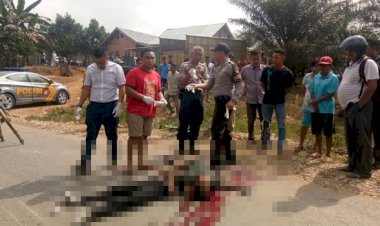 Laka Lantas di Pauh Sarolangun, Dua Warga SAD Tewas di Tempat
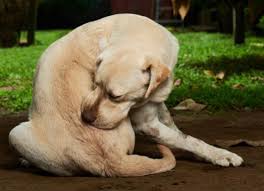Fleas do not have wings but can move between host animals and the environment by jumping. How To Handle Fleas On Your Dog Petmd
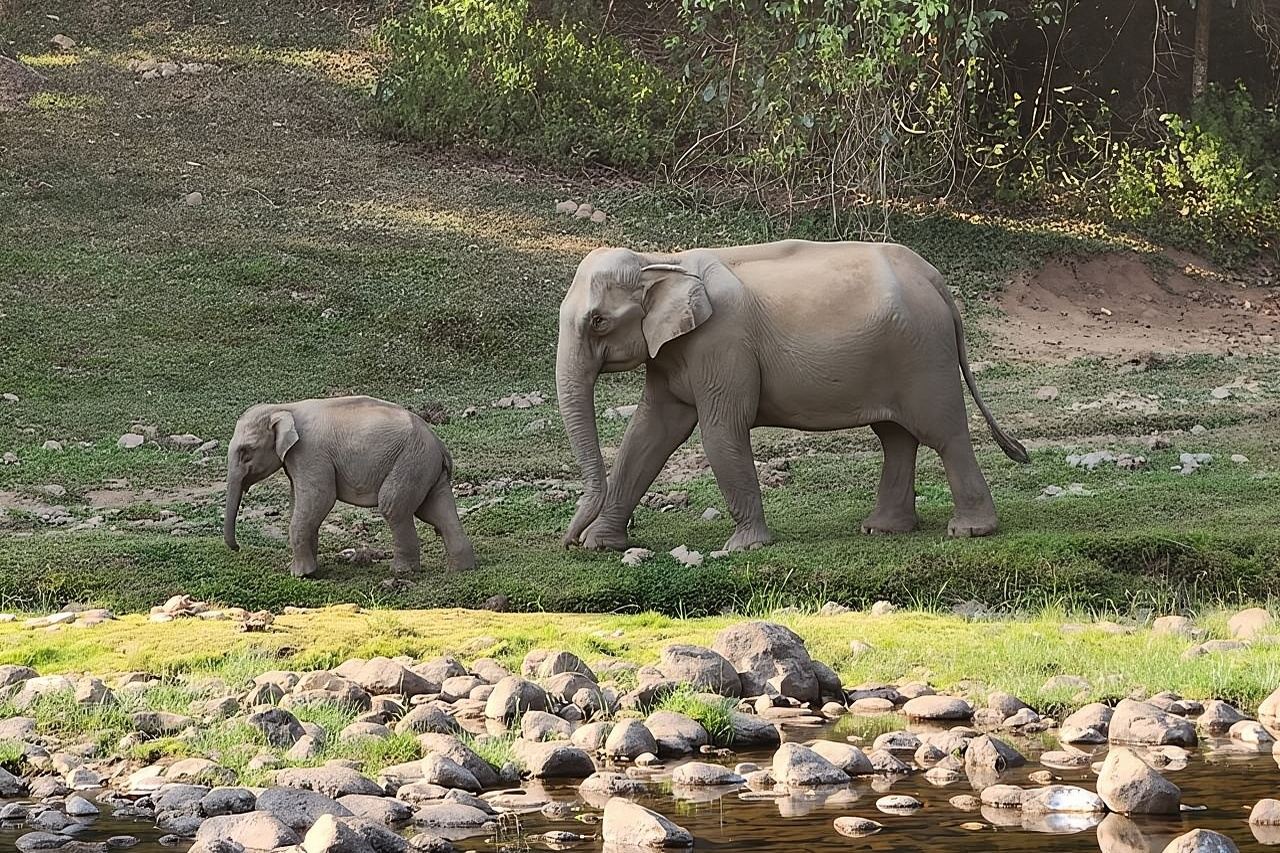 Anakulam Wild Elephant Village Tour (von Munnar Info)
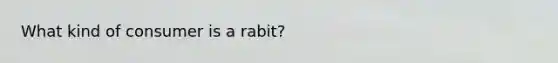 What kind of consumer is a rabit?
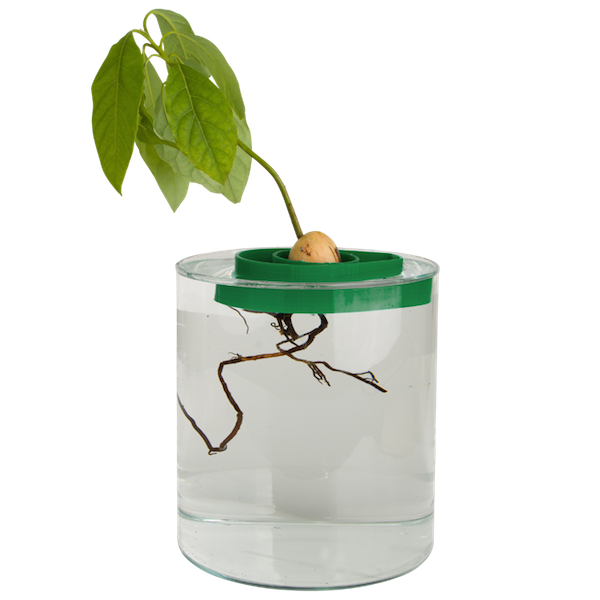 HenCorner's tweet photo. Now everyone can grow avocados at home http://t.co/fRZ1OuXUbk http://t.co/Dr26DDBIRg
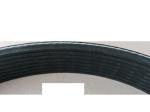 OEM 3015259 Multi Wedge Belt For MITSUBISHI 8PK1645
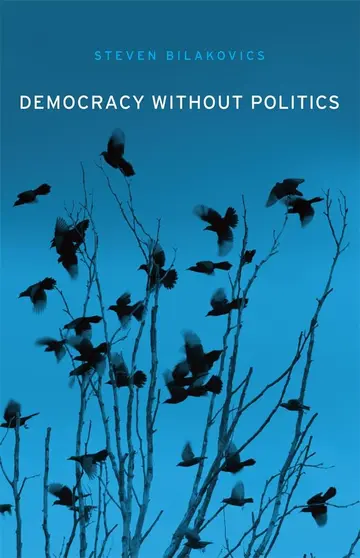 Cover of Democracy Without Politics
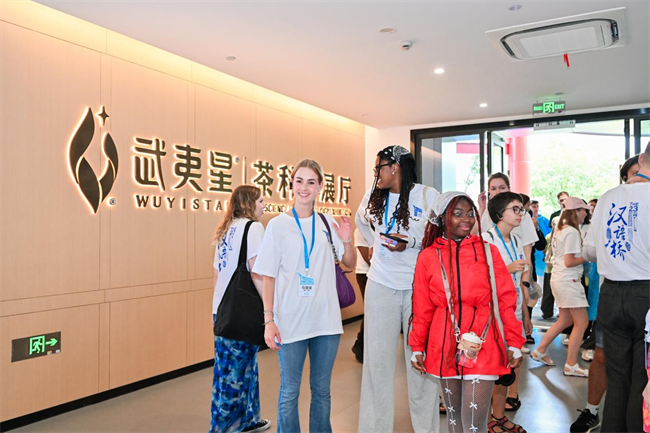 1724073720222717.png 图片 5.png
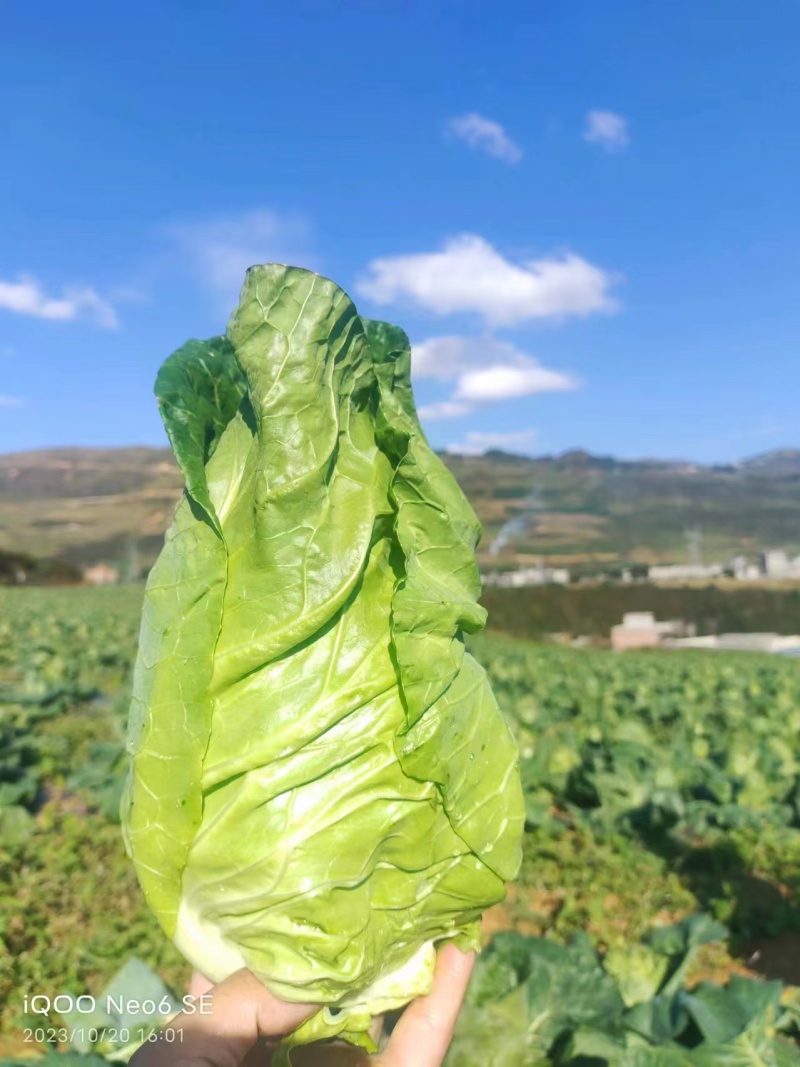 【精品】云南牛心甘蓝，牛心尖包菜，对接大型批发商欢迎联系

════════

- ABOUT THIS TASK -
Print the listing verbatim; no pictures.

- RESPONSE -
 Laka Lantas di Pauh Sarolangun, Dua Warga SAD Tewas di Tempat
Fleas do not have wings but can move between host animals and the environment by jumping. How To Handle Fleas On Your Dog Petmd
 Anakulam Wild Elephant Village Tour (von Munnar Info)
 What kind of consumer is a rabit?
 HenCorner's tweet photo. Now everyone can grow avocados at home http://t.co/fRZ1OuXUbk http://t.co/Dr26DDBIRg
 OEM 3015259 Multi Wedge Belt For MITSUBISHI 8PK1645
 Cover of Democracy Without Politics
 1724073720222717.png 图片 5.png
 【精品】云南牛心甘蓝，牛心尖包菜，对接大型批发商欢迎联系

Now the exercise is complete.